_Instructions to follow_
Omit all pictures, and print word for word only the lines from the one containing "Pregnant woman, stomach" through the end of the data.

_Data shown_
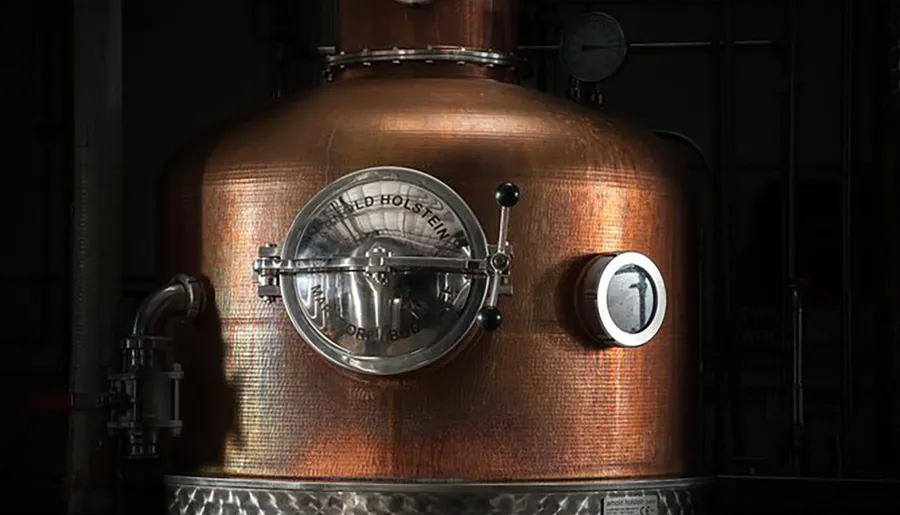 This image shows a close-up of a copper distillation apparatus, likely used for producing spirits, with a small porthole and various valves, gleaming under ambient lighting.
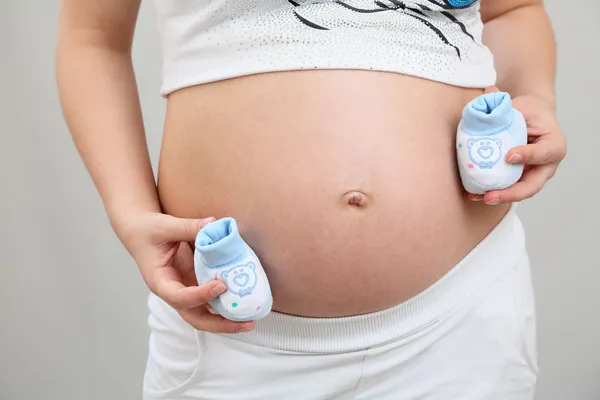 Pregnant woman, stomach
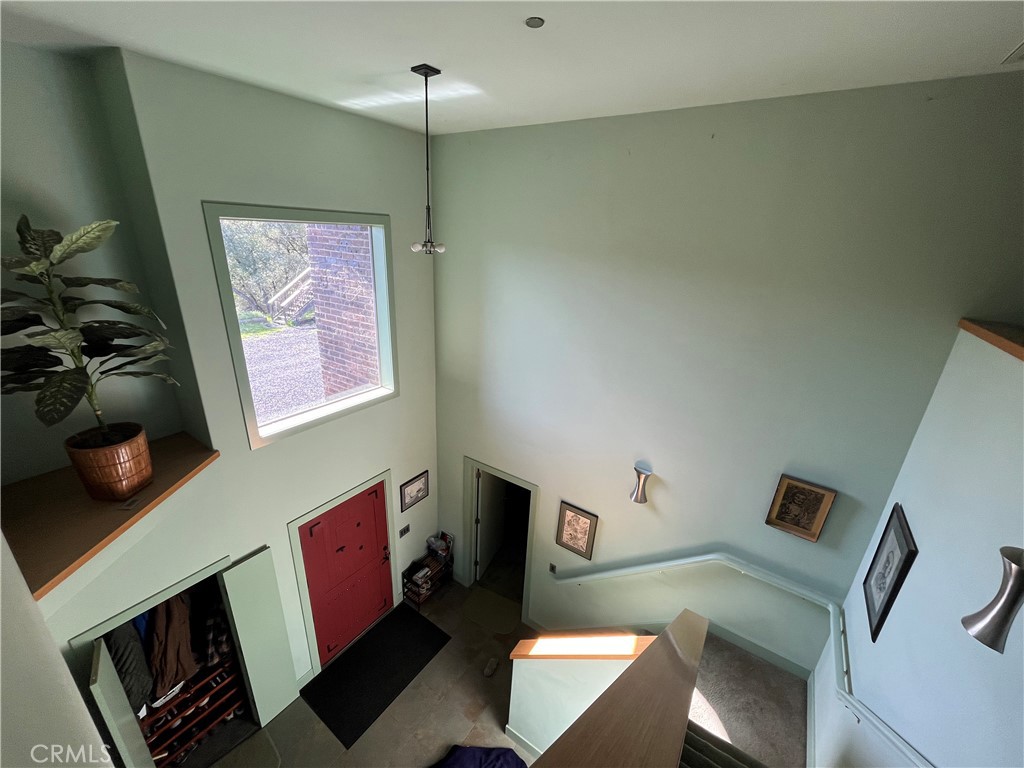 240 Rich Gulch Road Oroville, CA 95965 - Photo 29 of 49 a living room with furniture and a flat screen tv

_Response to the task_
 Pregnant woman, stomach
 240 Rich Gulch Road Oroville, CA 95965 - Photo 29 of 49 a living room with furniture and a flat screen tv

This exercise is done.